◆ **Provided information**

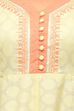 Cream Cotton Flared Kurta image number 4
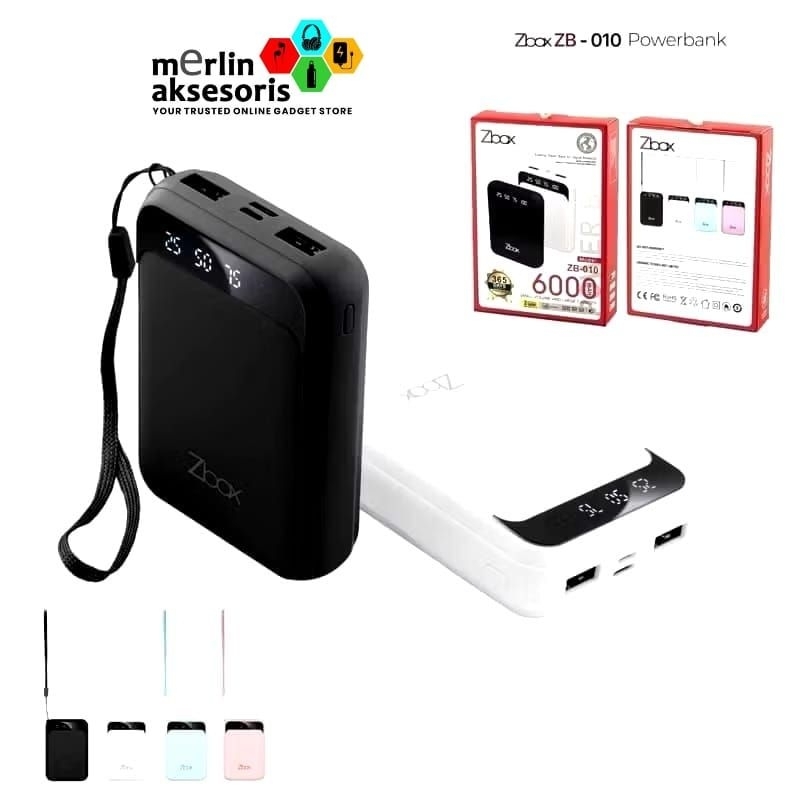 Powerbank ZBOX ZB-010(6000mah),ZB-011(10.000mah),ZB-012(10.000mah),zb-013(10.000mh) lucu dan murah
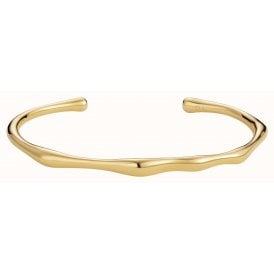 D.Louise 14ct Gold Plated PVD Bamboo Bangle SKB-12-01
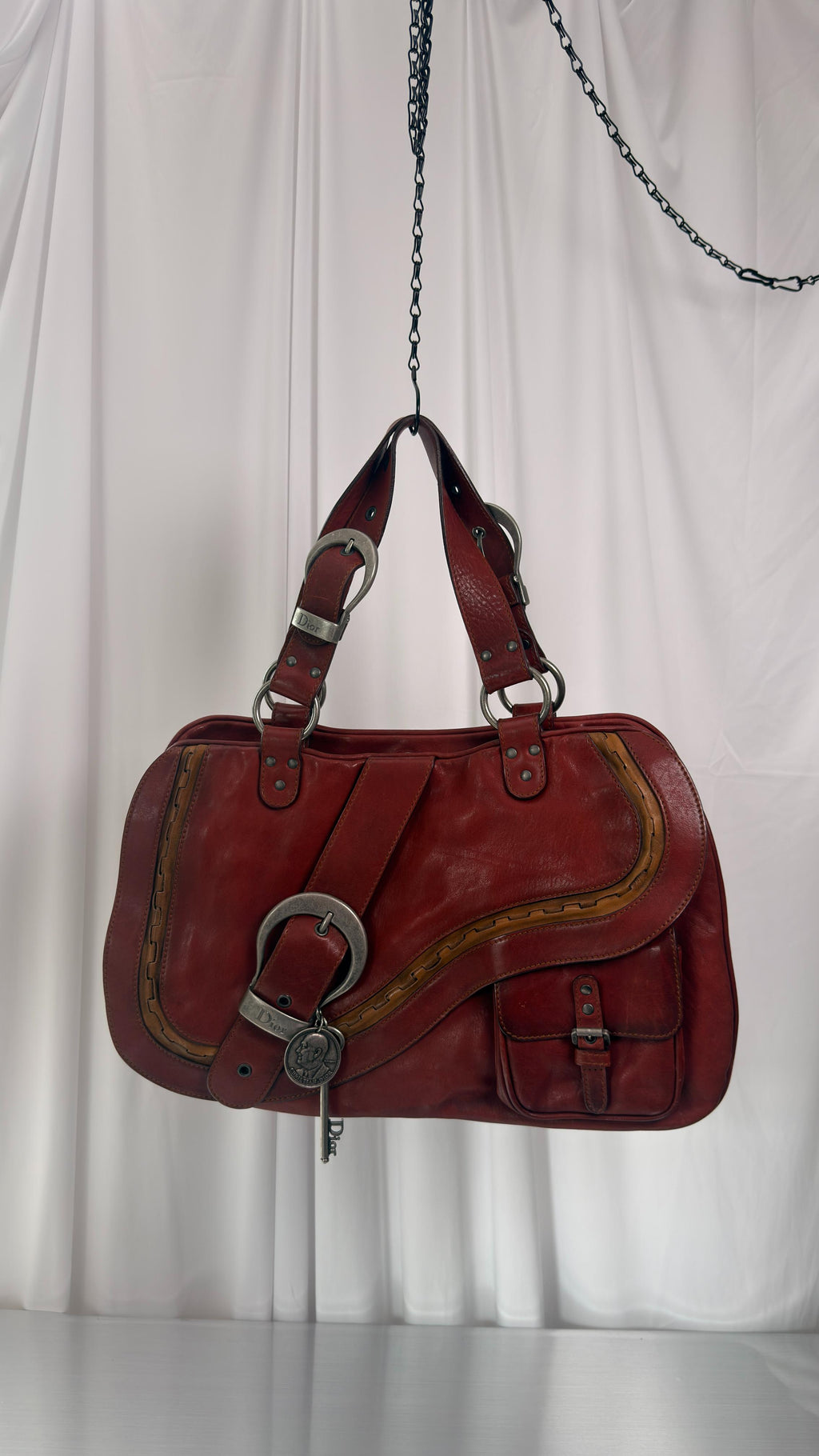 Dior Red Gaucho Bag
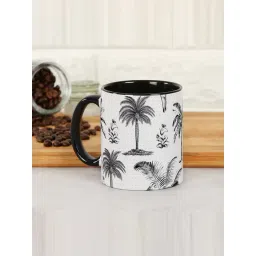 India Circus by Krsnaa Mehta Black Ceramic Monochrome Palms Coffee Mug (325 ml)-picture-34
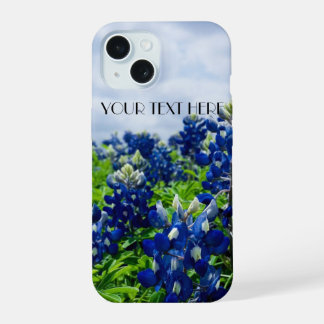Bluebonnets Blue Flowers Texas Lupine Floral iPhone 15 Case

...

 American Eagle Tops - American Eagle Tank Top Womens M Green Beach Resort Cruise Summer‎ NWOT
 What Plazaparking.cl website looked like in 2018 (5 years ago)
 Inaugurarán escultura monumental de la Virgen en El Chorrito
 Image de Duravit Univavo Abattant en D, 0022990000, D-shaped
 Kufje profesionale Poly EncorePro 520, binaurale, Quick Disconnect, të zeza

◆ **Task**
Given the listing above, repeat exactly the lines starting at the one with "Cream Cotton Flared Kurta image number 4" and ending at the one with "Bluebonnets Blue Flowers", inclusive, excluding pictures.

◆ **Solved exercise**
 Cream Cotton Flared Kurta image number 4
 Powerbank ZBOX ZB-010(6000mah),ZB-011(10.000mah),ZB-012(10.000mah),zb-013(10.000mh) lucu dan murah
 D.Louise 14ct Gold Plated PVD Bamboo Bangle SKB-12-01
 Dior Red Gaucho Bag
 India Circus by Krsnaa Mehta Black Ceramic Monochrome Palms Coffee Mug (325 ml)-picture-34
Bluebonnets Blue Flowers Texas Lupine Floral iPhone 15 Case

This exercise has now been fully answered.